Per tutto il decennio e fino alla metà degli anni ’90 Graves si afferma come un esponente di spicco del postmodernismo. Superata la fascinazione per il purismo modernista, il suo stile evolve in direzione di una sempre maggiore inclusione di forme e segni tratti dai repertori dell’architettura del passato, affiancati con disinvoltura ad altri di nuova invenzione.

I clienti del Graves postmoderno sono soprattutto grandi corporate statunitensi; i contesti dei suoi progetti sono le downtown di città americane grandi e medie; le modalità della loro rappresentazione sono composizioni pittoriche ricche di campiture ed elementi simbolici, che rinunciano in gran parte all’esattezza del disegno tecnico.

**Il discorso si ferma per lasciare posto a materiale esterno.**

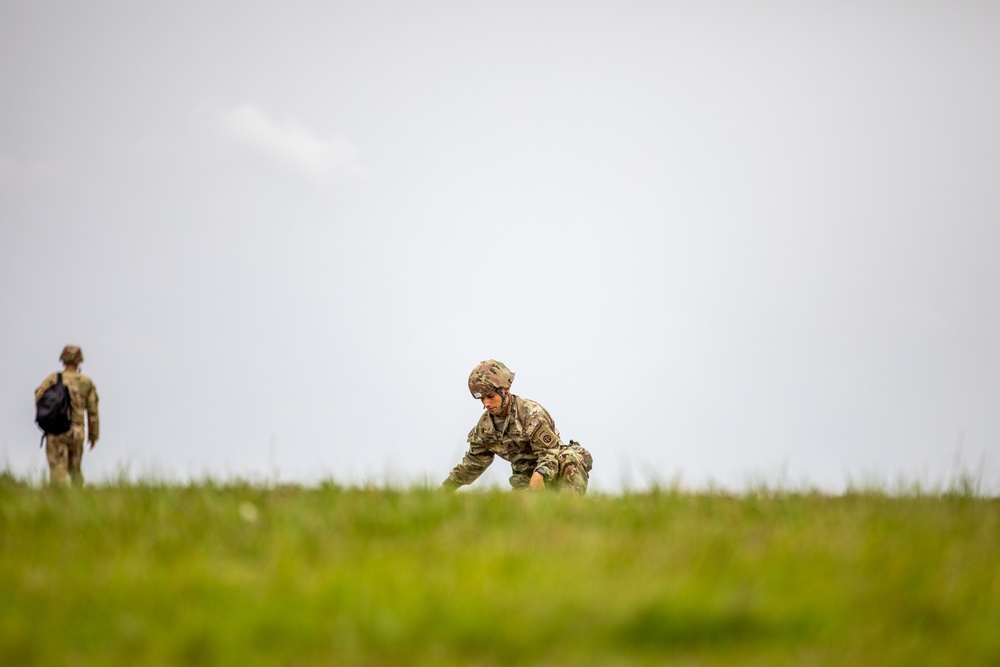 Paratroopers Jump into 82nd Abn. Div. 76th Convention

Tre realizzazioni sono particolarmente rappresentative della sua produzione, molto abbondante, di questo periodo: l’Humana Office Building di Louisville, Kentucky (1982), il Portland Public Service Building di Portland, Oregon (1982) e soprattutto il Team Disney Building di Burbank, California (1985-1990). Per un committente sui generis, Graves racchiude un programma ordinario di spazi per uffici all’interno di un contenitore decisamente esuberante. Un frontone di memoria classica, semplificato e rivisitato, è sorretto non da colonne, né da cariatidi, ma da sei robusti nani disneyani, con il settimo ben in vista al centro del timpano.

Sconvolgente ma anche innegabilmente iconico, il Team Disney Building è la testimonianza più eclatante di un approccio ironico, ai limiti del dissacratorio, all’oggetto architettonico, tipico del postmodernismo più pop e incarnato al meglio proprio da Graves.

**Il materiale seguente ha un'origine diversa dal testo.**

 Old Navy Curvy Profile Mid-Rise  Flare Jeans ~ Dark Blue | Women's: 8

Se il successo di Graves come architetto è in gran parte limitato all’America del Nord, i suoi oggetti di design acquistano fama mondiale. In particolare è la sua partecipazione all’esperienza di Memphis, a partire dal 1980, a guadagnargli i favori anche del pubblico europeo. Il suo mobile toilette “Plaza”, incluso nella prima collezione Memphis del 1981, rappresenta un punto d’incontro ideale tra la filosofia del gruppo milanese e la produzione architettonica di Graves dello stesso periodo.

Tra i suoi prodotti più celebri, merita di essere citato anche il bollitore 9093, dal caratteristico fischietto a forma di uccellino, progettato nel 1985 agli inizi di una collaborazione duratura con Alessi. Altrettando fortunata e prolifica è la sua attività per Target Corporation, tra le principali catene di grandi magazzini statunitensi.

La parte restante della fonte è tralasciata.